Why aren’t Jimmy Fallon and Seth Meyers doing more field pieces on their shows?
Field pieces, or “remotes,” are comedy pieces that are shot outside the studio. They’re great for comedy/talk shows. Here are 5 reasons why.
1) It’s fun to see the host out in the real world for a change. Watching the same guy behind the same desk on the same set night after night can be boring. Getting the camera out of the studio breaks that visual monotony.
2) Shooting only in the studio building limits your comedy options. Sure, you can produce a lot of fun comedy pieces indoors. I was once responsible for Dave Letterman and Paul Shaffer racing down a hallway inside 30 Rockefeller Plaza on dogsleds. But I also persuaded Dave to drive a rental convertible through a carwash with the top down. The world is your playground. Why stay cooped up in the clubhouse?
3) Field pieces don’t have to be expensive. To produce most field pieces all you need is a camera operator, maybe an audio technician, maybe a director, and your on-camera talent. And you’re already paying those people.

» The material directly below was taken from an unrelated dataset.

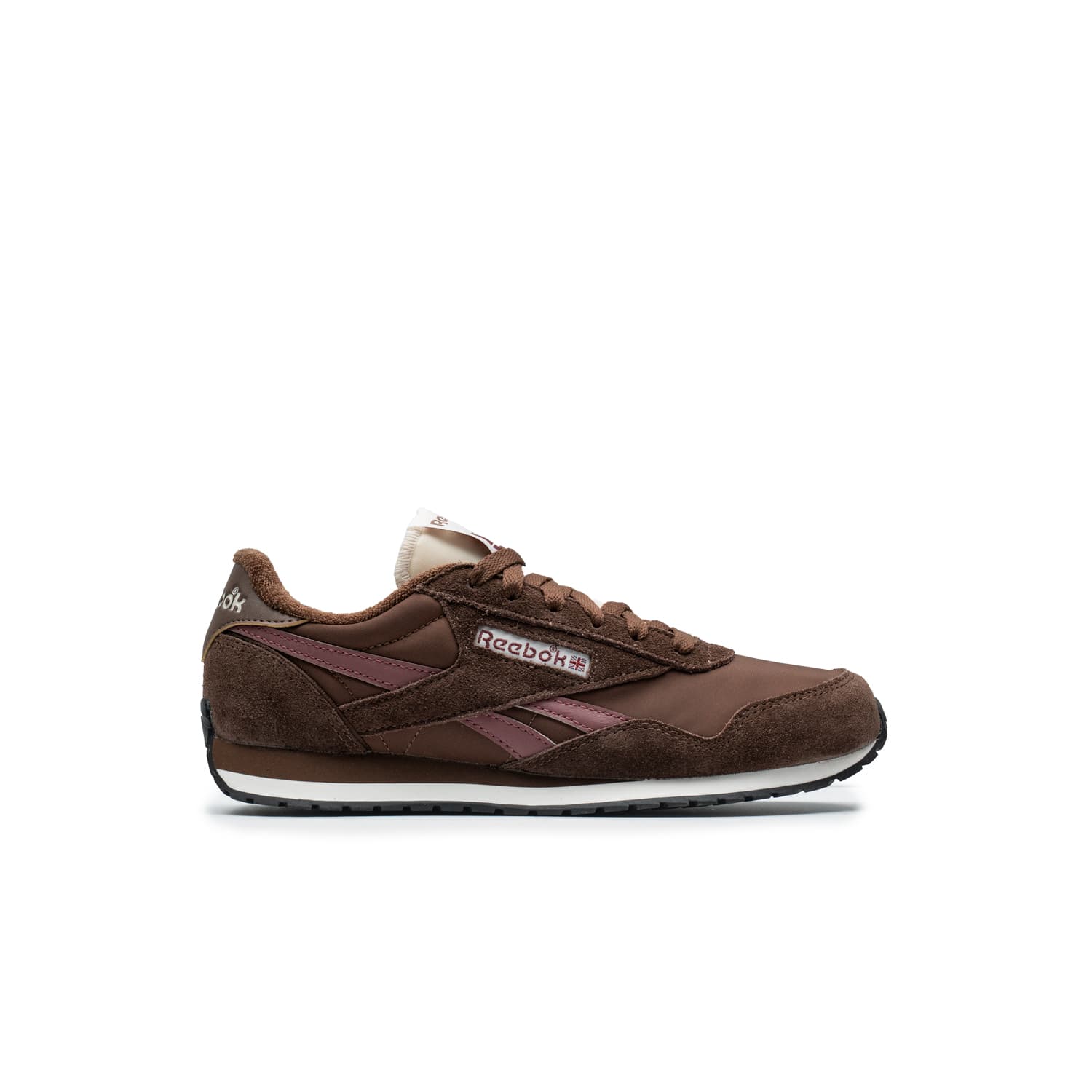 REEBOK Sneakers Uomo Reebok Classic AZ - 6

4) Field pieces don’t have to be time consuming. Jay Leno and his staffers could shoot a semi-scripted remote involving civilians, like “Jaywalking,” in an hour-and-a-half. Even a more elaborate remote is often producible in a couple of hours.
For example, one time I took Jay and Charlie Sheen up to the Hollywood Sign, where Charlie threw a baseball through the D; the Olympics were underway and we made that Charlie’s event. We shot the piece in the morning, edited it that afternoon, and rolled it into the show that evening during Charlie’s interview.
5) Field pieces can be edited. If, say, the piece involves the host using unpredictable civilians for comedy, all the weak material can be cut out before the piece airs. That’s why finished field pieces tend to have a high laugh density.
Jay Leno did field pieces often. Dave Letterman, Conan O’Brien, and Jimmy Kimmel (or one of their correspondents) do field pieces. The streets of Manhattan are certainly a convenient and target-rich environment for comedy.
So here’s hoping that Jimmy Fallon and Seth Meyers take advantage of the pleasant weather and get out more often.
With their improv skills I think they’d be terrific at field pieces. Feeding the late-night beast every day is harder than it has to be if you’re only ordering off one side of the comedy menu.